[[ Data supplied open ]]
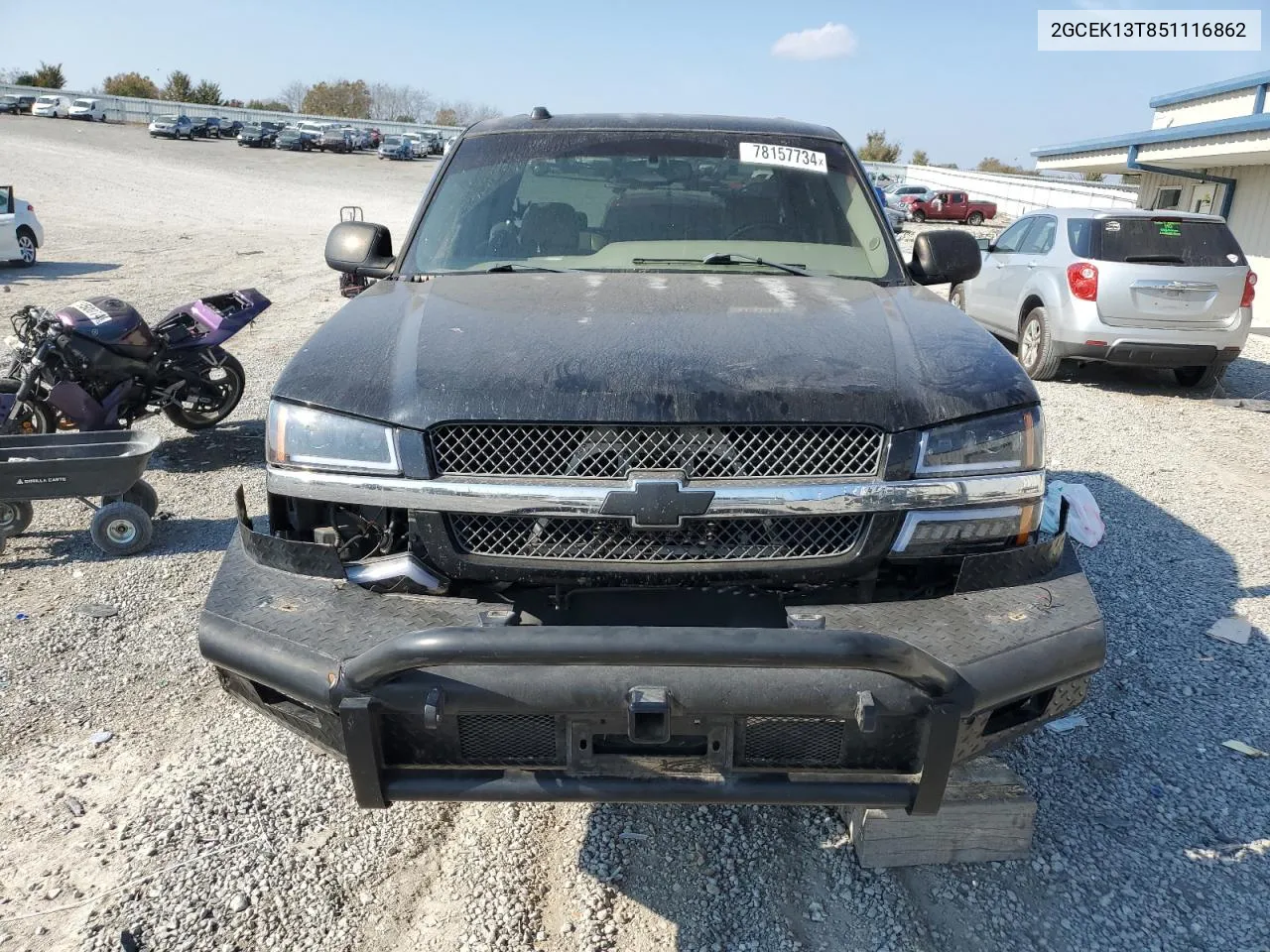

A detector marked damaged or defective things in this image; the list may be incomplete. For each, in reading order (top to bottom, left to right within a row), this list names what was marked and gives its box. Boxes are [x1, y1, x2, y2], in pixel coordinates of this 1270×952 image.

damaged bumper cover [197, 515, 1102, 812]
[[ Data supplied closed ]]
[[ Data supplied open ]]
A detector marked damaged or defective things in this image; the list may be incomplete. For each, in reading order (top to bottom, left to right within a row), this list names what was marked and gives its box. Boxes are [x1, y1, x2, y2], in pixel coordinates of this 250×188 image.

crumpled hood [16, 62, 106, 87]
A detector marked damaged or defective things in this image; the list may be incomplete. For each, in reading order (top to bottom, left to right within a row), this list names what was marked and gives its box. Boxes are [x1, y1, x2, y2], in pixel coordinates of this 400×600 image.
[[ Data supplied closed ]]
[[ Data supplied open ]]
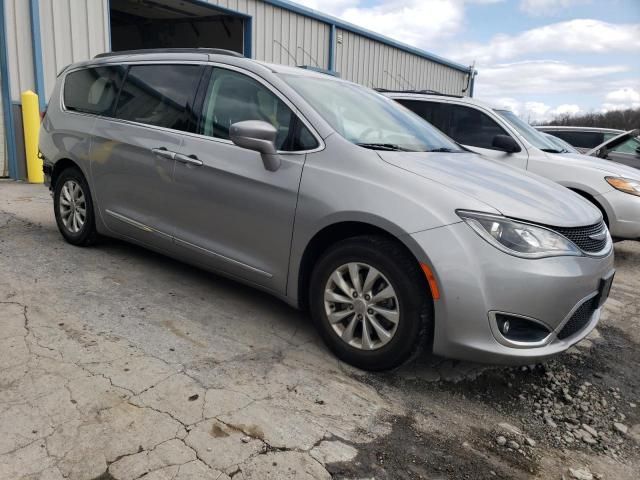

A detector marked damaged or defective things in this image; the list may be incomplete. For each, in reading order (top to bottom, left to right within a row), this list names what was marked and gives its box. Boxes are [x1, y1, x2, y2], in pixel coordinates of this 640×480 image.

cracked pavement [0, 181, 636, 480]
[[ Data supplied closed ]]
- [What to produce] Give the exact lines, and only those, from the line containing "this 250×188 image." through the line containing "this 400×600 image." in the entries above.

- [Finished exercise]
A detector marked damaged or defective things in this image; the list may be incomplete. For each, in reading order (top to bottom, left to right within a row), this list names what was marked and gives its box. Boxes are [x1, y1, x2, y2], in pixel coordinates of this 250×188 image.

crumpled hood [16, 62, 106, 87]
A detector marked damaged or defective things in this image; the list may be incomplete. For each, in reading order (top to bottom, left to right within a row), this list names what was marked and gives its box. Boxes are [x1, y1, x2, y2], in pixel coordinates of this 400×600 image.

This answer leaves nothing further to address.